Five years later conditions bore eloquent testimony to the facts that “it is impossible to introduce machinery on a large scale into agriculture in Russia,” and that “no in­surrection will create Socialism if the econo­mic conditions do not permit of the establish­ment of it” (“Preparing for Revolt, pp. 152-3).

With the substitution of taxation of the peasantry for compulsory grain deliveries, agricultural production and trade resumed their normal course. The State industries expanded and the number of workers en­gaged in large-scale industry generally in­creased by over a million in five years (“Illustrated History,” p. 560).

This very great increase, etc., was still, however, insufficient to absorb all the un­employed streaming in from the land. The number of registered unemployed rose to 1,310,000 on December 31st, 1926 (p. 561).

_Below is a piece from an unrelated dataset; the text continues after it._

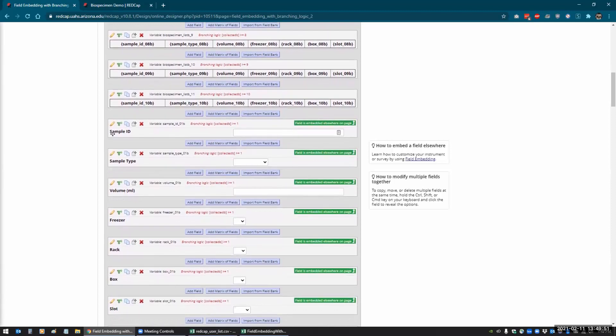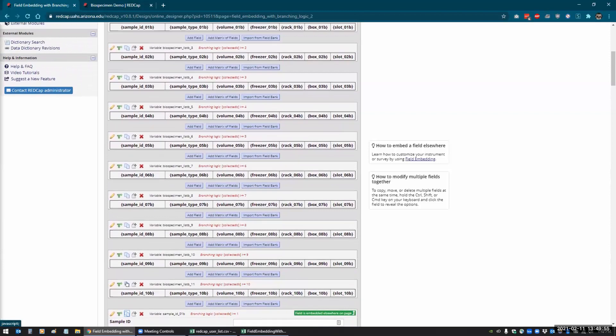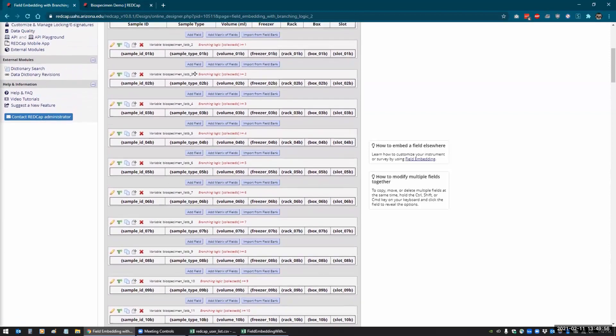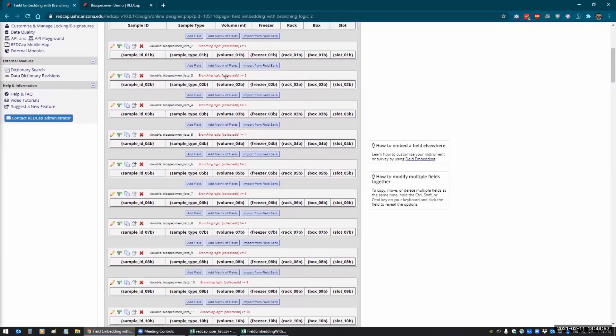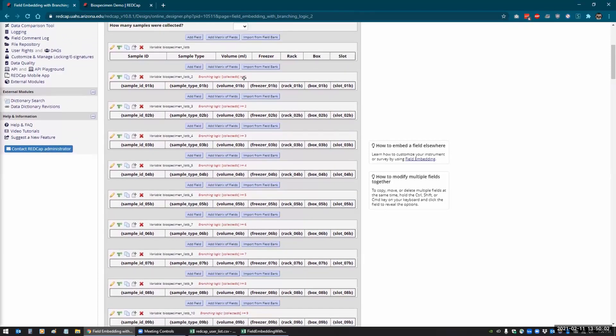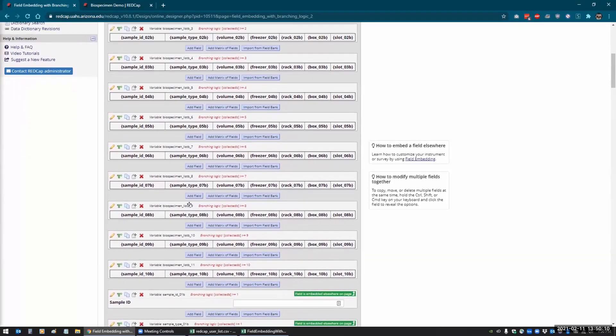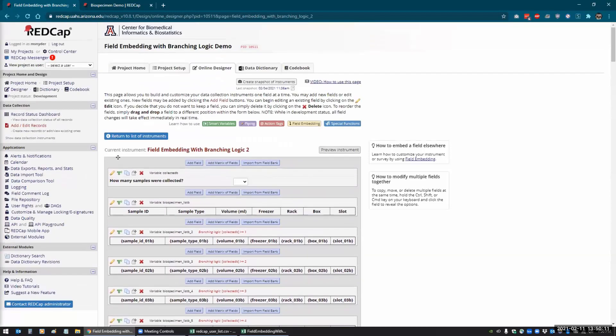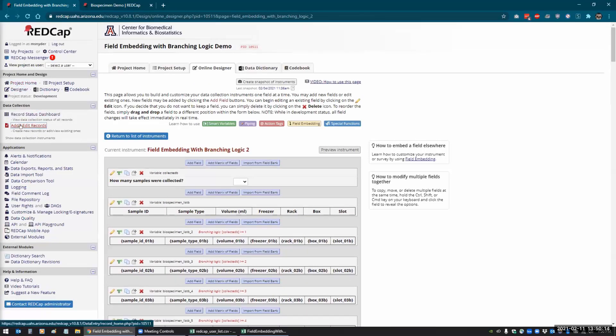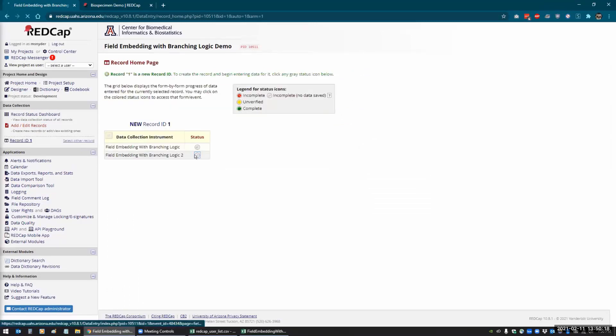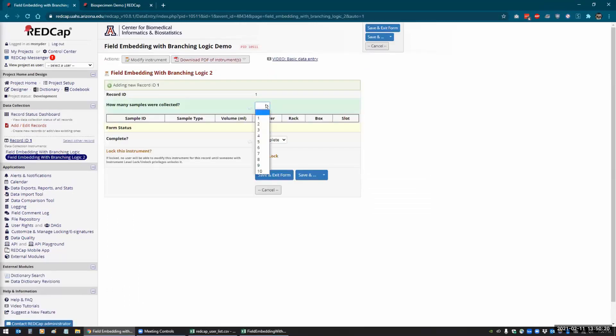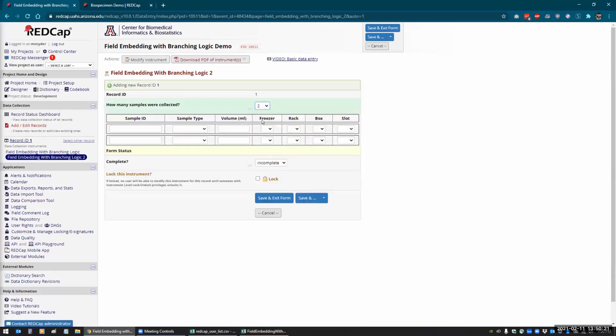But I still have the 10 copies of each one of these fields, but now what I do is I set additional branching logic here. So that way this first row is only going to be shown if there's one or more samples, this is only going to be shown if there's two or more, three or more, four or more, all the way to 10 or more. And that's what gives you the design where it only shows up if you select a sample. So if I select two, now it's going to show up there and there.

Thus a third of the workers are on the dole.

The reason is not far to seek. “Agricul­ture is not only employing a much larger amount of machinery than before the war, but, as time goes on, more complicated machinery also, as, for example, tractors. In 1914, the total number of tractors in Russia was 187, while in the U.S.S.R. in 1926 there were 23,000 tractors in use” (p. 562).

Yet even this development leaves Russia fundamentally peasant. It is not one, nor two, but several tens of millions who require industrialising on modern lines before they are likely to be fit material for Socialism.

It is owing to “the low stage of develop­ment of Russia’s productive forces and the incompleteness of her economic and techni­cal organisation” that the colossal strain of the World War precipitated Tsarism and the last relics of feudalism into the abyss. The State machine had to be reorganised, not in order to abolish an imperfectly devel­oped Capitalism, but in order to clear the way for its development. As in the French Revolution, so in Russia, the interests of individuals who had amassed great wealth in any form under the old regime had to be sacrificed to the interests of the property-owning class generally.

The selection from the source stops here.